Pakistan’s banking industry has witnessed a series of rapid developments during past few days asMCB Bank showed interest in acquiring NIB Bank, Telenor Group acquired 100 percent shares of Tameer Microfinance Bank and now Summit Bank has shown its interest to acquire majority shareholding in Burj Bank.
According to official notification issued to Pakistan Stock Exchange, the management of Summit Bank has sought a permission from State Bank of Pakistan (SBP) to acquire majority of shareholding of at least 51 percent in Burj Bank.
The Summit Bank’s management informed its shareholders that it showed its interest in the share purchase deal with Burj Bank, a full-fledged Islamic Bank.
Burj Bank has already entered in talks with the management of Summit Bank although central bank will give green signal to the managements of two banks to formally proceed on this.
It is pertinent to mention here that Burj Bank received a proposal from Bank of Khyber in February 2016, before Summit Bank, which also sought permission of State Bank of Pakistan for due diligence of Islamic Bank.
According to Burj Bank’s plan that’s mentioned in its financial report, bank’s management has engaged with multiple investors, interested to invest in the capital of the Bank.
Accordingly, the existing shareholders of the Burj Bank (consisting of 71.80% shareholding in the Bank) are working on the proposal with one of the potential investors to allow them to inject fresh capital in the Bank so as to acquire 51% or more shareholding in the Bank to comply with the minimum capital requirement of Rs 10 billion as stipulated by the SBP.
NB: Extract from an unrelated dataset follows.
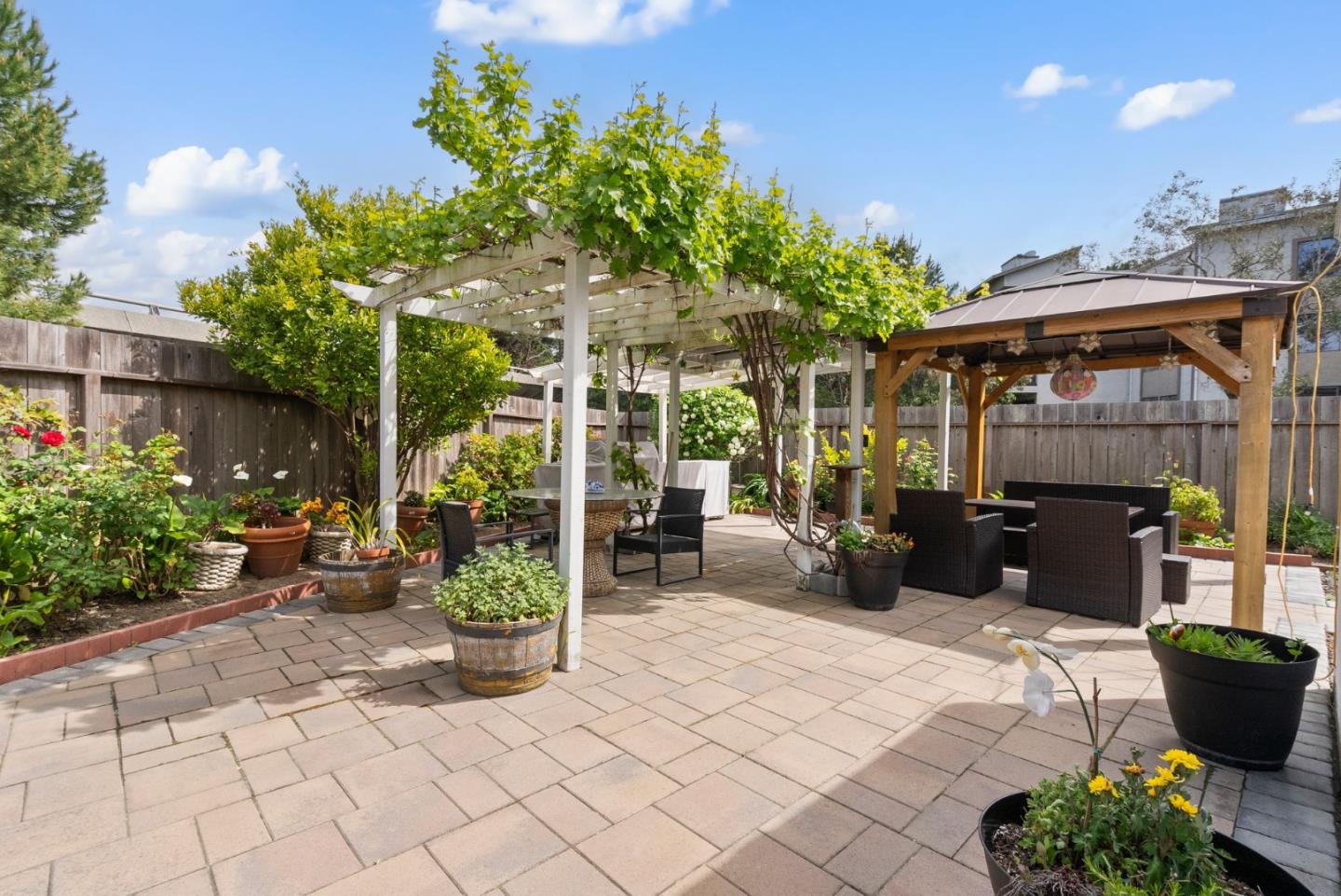 Detail Gallery Image 26 of 29 For 40 Shelter Creek Ln, San Bruno,  CA 94066 - 5 Beds | 4 Baths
Last year in 2015, Burj Bank received a proposal from National Bank of Pakistan which conducted its due diligence with the permission of banking regulator but the managements of two banks could not seal any deal on sale and purchase of shares.
In 2014, Burj Bank also received an investment proposal from MCB Bank for purchase of its 55 percent shares but that deal also got stuck due to failure of negotiation between the management of the two banks.
It seems the management of Burj Bank is buying time from the central bank to meet minimum reserve levels and has received extensions from SBP multiple times since 2013.
The SBP has allowed the Bank an extension in meeting the MCR of Rs. 10 billion till September-end 2015 and to maintain the CAR at 23% till such time. But the bank is still on the way as its paid-up capital stands at Rs 5.464 and capital adequacy ratio stands at 18.27 percent by end of September instead of 23 percent.
Besides, Burj Bank has been in the red for past many years as it losses stood at Rs 261 million by the end of third quarter of 2015 which were Rs 379 million in 2014.